Ya estamos a bordo. Un total de tres españoles, cuatro mexicanos y una turista canadiense de unos cuarenta y tantos años largos que afirma sentirse "very nervous" porque va a ser la primera vez que se zambulla en mar abierto con unas aletas y gafas de buceo, formamos el grueso de la tripulación dirigida por aquel patrón de piel tostada hasta la planta de los pies y pelo negro algo rizado, que fuera hace años empleado de la petrolera Pemex allá en la plataforma de aguas cálidas de Coatzacoalcos, en el estado jarocho de Veracruz.

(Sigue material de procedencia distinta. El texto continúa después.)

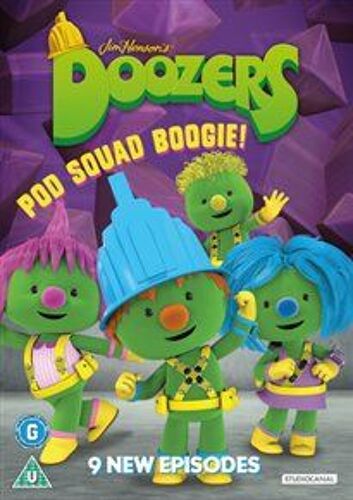 Doozers - Pod Squad Boogie [Dvd] [2015]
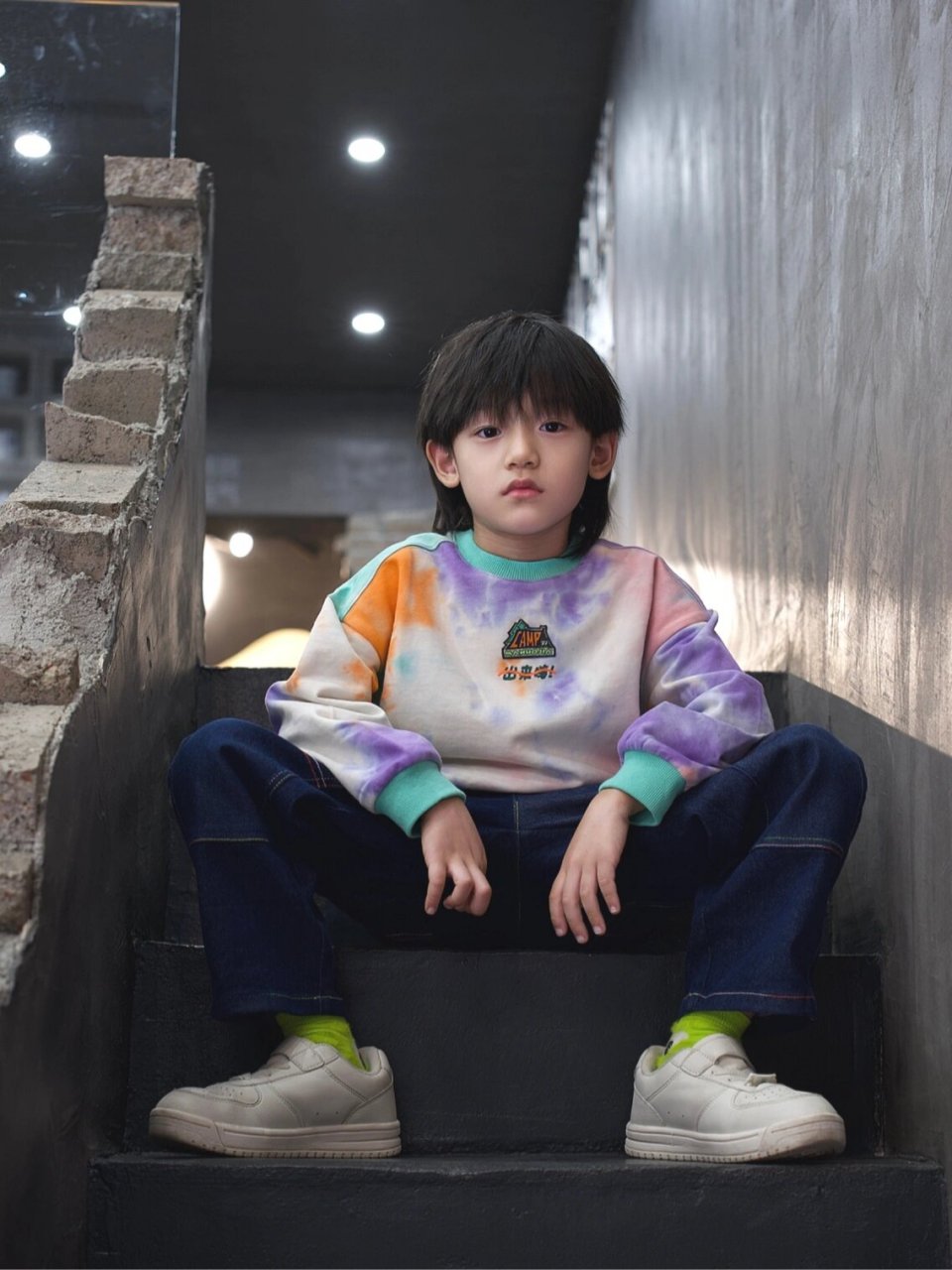 男童发型|天蝎男标准长相 是天蝎座的关系么 笑跟不笑真的是两个人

Son las once y cuarto de la mañana y, al parecer, todo está en orden. Don Pancho Tequila intercambia, con el microfonillo del radio pegado a la boca, un par de comentarios ininteligibles con alguien que probablemente esté dirigiendo las maniobras sobre suelo firme y se mueve con agilidad por la cubierta de La Tranca retirando las boyas protectoras de color naranja descolorido. "Tenemos luz verde y buena mar", afirma mirando a su segundo con esa sonrisa blanca acentuada por el contraste con el bronceado marino y la playera de una marca de cerveza que viste, mientras, muy despacio, comienza a virar todo a estribor para, en pocos minutos, ganar el mar abierto rumbo al arrecife 'Paraíso'. Ahora sí, "estamos listos para zarpar".